Stored records

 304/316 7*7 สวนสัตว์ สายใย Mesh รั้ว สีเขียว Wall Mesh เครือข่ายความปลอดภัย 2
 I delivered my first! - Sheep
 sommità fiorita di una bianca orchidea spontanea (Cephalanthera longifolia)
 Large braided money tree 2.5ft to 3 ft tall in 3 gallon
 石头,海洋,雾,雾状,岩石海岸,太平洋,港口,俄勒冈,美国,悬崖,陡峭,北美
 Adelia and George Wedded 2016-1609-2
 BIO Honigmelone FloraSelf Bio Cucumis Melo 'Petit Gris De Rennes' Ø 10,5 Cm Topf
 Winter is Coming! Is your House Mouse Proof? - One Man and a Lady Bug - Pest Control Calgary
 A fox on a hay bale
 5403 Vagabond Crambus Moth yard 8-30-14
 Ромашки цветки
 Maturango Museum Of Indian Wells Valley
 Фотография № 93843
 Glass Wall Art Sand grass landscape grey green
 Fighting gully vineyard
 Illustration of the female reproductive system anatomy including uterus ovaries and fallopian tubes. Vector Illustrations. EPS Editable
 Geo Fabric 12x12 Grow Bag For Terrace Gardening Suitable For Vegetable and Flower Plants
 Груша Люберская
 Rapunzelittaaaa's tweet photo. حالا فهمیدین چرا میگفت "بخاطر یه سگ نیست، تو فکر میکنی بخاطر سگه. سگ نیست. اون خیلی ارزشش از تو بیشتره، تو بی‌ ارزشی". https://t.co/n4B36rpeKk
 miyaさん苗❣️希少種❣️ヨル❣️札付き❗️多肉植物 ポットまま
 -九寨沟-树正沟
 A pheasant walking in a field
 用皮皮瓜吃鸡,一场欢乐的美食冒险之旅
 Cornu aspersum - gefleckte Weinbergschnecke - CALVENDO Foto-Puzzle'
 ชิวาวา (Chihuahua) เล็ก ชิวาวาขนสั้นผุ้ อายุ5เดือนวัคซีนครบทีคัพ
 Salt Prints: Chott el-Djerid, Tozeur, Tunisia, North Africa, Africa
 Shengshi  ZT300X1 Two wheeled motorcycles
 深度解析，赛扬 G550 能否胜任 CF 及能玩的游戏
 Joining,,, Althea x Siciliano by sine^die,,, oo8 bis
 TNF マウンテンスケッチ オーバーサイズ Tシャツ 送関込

WHAT TO DO: Only these lines should appear in the reply: the one containing "Geo Fabric 12x12", the last line of the data, and all lines between them, each copied exactly.

ANSWER FOR THIS EXERCISE:
 Geo Fabric 12x12 Grow Bag For Terrace Gardening Suitable For Vegetable and Flower Plants
 Груша Люберская
 Rapunzelittaaaa's tweet photo. حالا فهمیدین چرا میگفت "بخاطر یه سگ نیست، تو فکر میکنی بخاطر سگه. سگ نیست. اون خیلی ارزشش از تو بیشتره، تو بی‌ ارزشی". https://t.co/n4B36rpeKk
 miyaさん苗❣️希少種❣️ヨル❣️札付き❗️多肉植物 ポットまま
 -九寨沟-树正沟
 A pheasant walking in a field
 用皮皮瓜吃鸡,一场欢乐的美食冒险之旅
 Cornu aspersum - gefleckte Weinbergschnecke - CALVENDO Foto-Puzzle'
 ชิวาวา (Chihuahua) เล็ก ชิวาวาขนสั้นผุ้ อายุ5เดือนวัคซีนครบทีคัพ
 Salt Prints: Chott el-Djerid, Tozeur, Tunisia, North Africa, Africa
 Shengshi  ZT300X1 Two wheeled motorcycles
 深度解析，赛扬 G550 能否胜任 CF 及能玩的游戏
 Joining,,, Althea x Siciliano by sine^die,,, oo8 bis
 TNF マウンテンスケッチ オーバーサイズ Tシャツ 送関込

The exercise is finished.